In 1845 Percy Driscoll dies. On his deathbed he frees Roxy and names his brother, Judge Driscoll, "Tom"'s guardian. The judge has secretly bought "Chambers" from Percy because he knows that "Tom" would have tried to sell him "down the river" after Percy's death. This would have caused a public scandal, for it is not the way to treat a "family servant." Shortly after Percy's death, his fortune, built on speculation, disappears, but the judge reassures "Tom", telling him that he will be the heir to the judge's fortune. A free woman now, Roxy decides to take a job on a steamboat. Going around to say her goodbyes, she runs into Pudd'nhead Wilson, who teases her about leaving her boys and offers to copy their fingerprints for her. She wonders if he suspects anything, and, seeing the panic on her face, he wonders why his experiments have always bothered her. Not knowing the truth, he attributes it to superstition.

Analysis

In creating a situation in which a white child gets a "Black" upbringing and a (part) Black child a "white" upbringing, Twain approaches the ancient "nature versus nurture" question from a new angle. Whether it is one's inherent (today we would say genetically-based) qualities or one's environment that determine one's personality has been of interest to authors throughout literary history. In this case Twain seems to deny that the question can be answered at all. Is it "Tom"'s genes or his spoiled upbringing as a wealthy white master that causes his sadism? Is it "Chambers"'s ancestry or his less protected childhood that makes him a calm, decent person? The novel makes no definitive claims. The issue is further confused by the hints given in the opening chapters about the father of Roxy's child (Chambers, who becomes "Tom", is said to be one- thirtysecondth Black, while Roxy is one-sixteenth Black, implying that his father is white). It is important, too, that Twain does not choose to make "Tom" noble and loyal to Roxy despite his upbringing: making him a stereotypically sentimentally good Black character would have made this a boring story, while making him something of a villain leads to an interesting moral and philosophical situation.

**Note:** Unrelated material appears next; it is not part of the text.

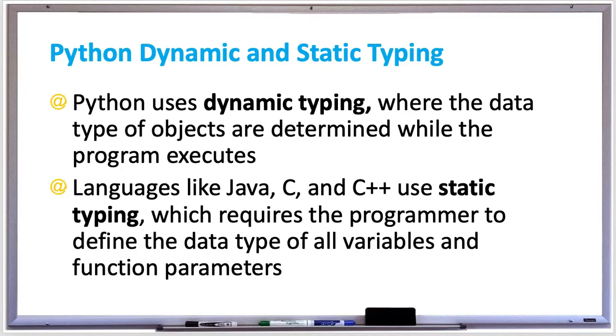Languages like Java, C, and C++ use static typing which requires the programmer to define the data type of all variables and function parameters. So let's try a quick example in Python and show you how dynamic typing works.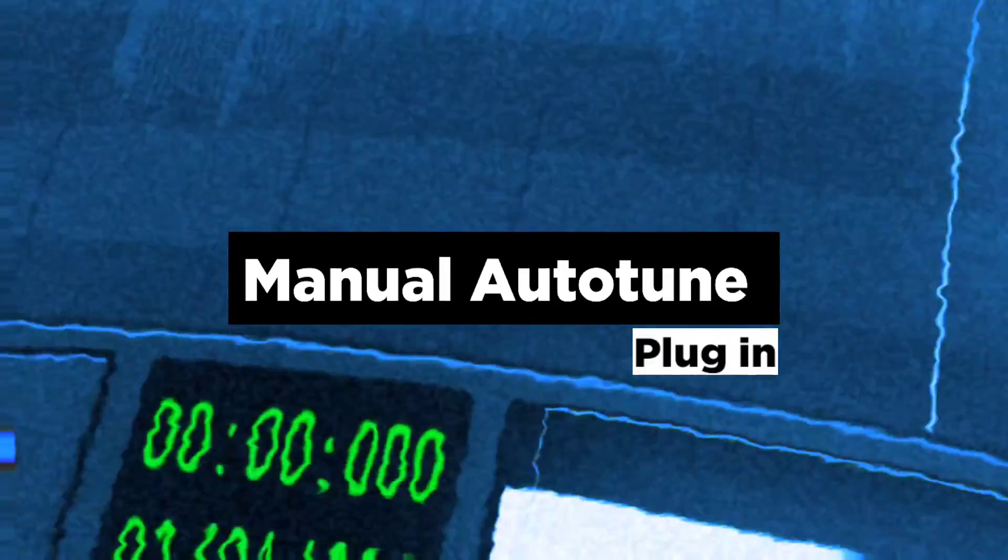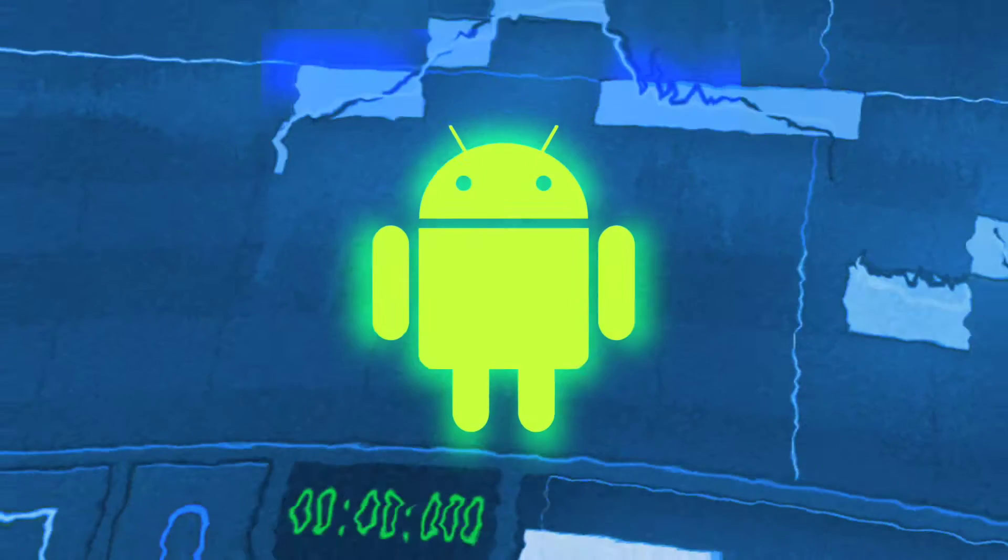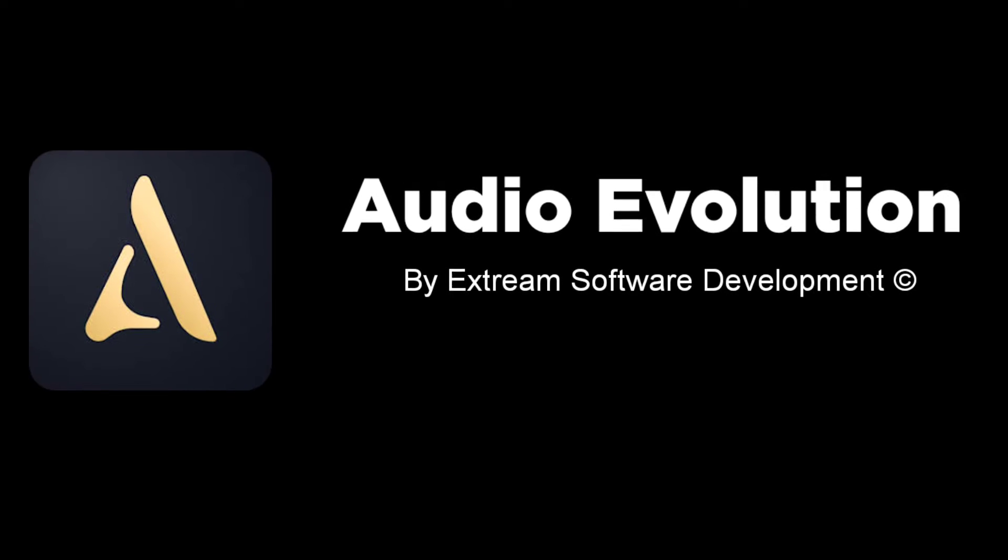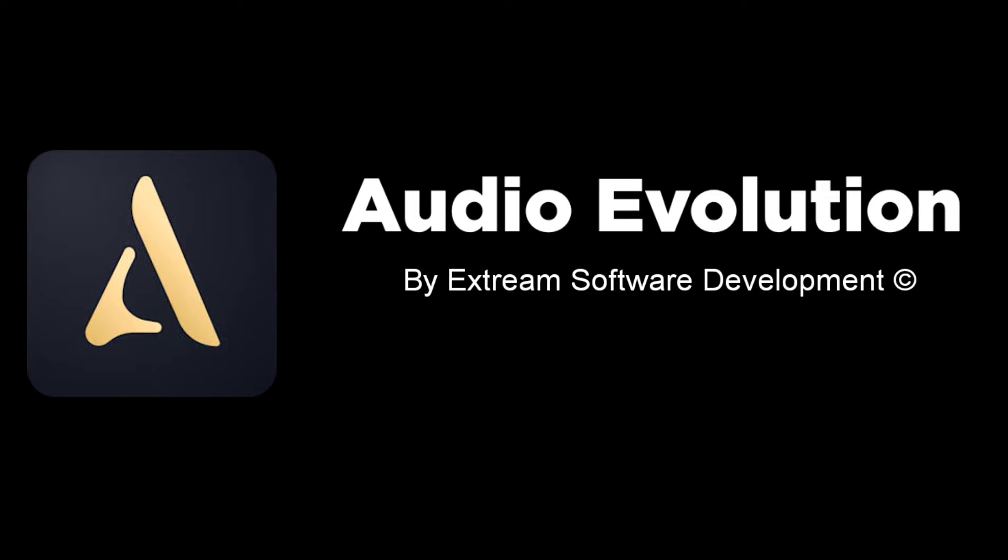So guys, in this video I'm going to show you a DAW that brings a manual autotune plugin on its Android version. The name of the DAW is Audio Evolution, and also a huge shout out to the Audio Evolution team for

Twain is somewhat sentimental in his treatment of Roxy. As in the last section, he rationalizes her behavior by considering her situation. In both cases (the potential theft of Driscoll's money and the switching of the babies) Roxy is guided by her churchgoing experiences. While in the first instance church has influenced her in the direction of conventional (that is to say, white) morality, which aligns with the legal code, in this situation she has been swayed in the opposite direction. She interprets creatively a story from a sermon, which is itself a creative interpretation of a Bible story (or perhaps an apocryphal creation of the preacher), to legitimate her "wrong" behavior. In both cases she has acted in accordance with a sentimental idea of "nobility" that has been perpetrated by a Black church. The alignment of the Black church with a largely white sentimental notion further confuses categories of both identity and morality: is the church betraying Black people by telling them not to steal from whites? Or is it subverting the white establishment by supporting the alteration of one's racial identity? Which is the true "white ideology": the economic one to which Roxy submits once and resists the second time, or the sentimental one that she twice upholds? The murkiness of these ideological categories is cut through by the presence of Pudd'nhead Wilson, who frightens Roxy with his possession of the truth and who unwittingly threatens her with it.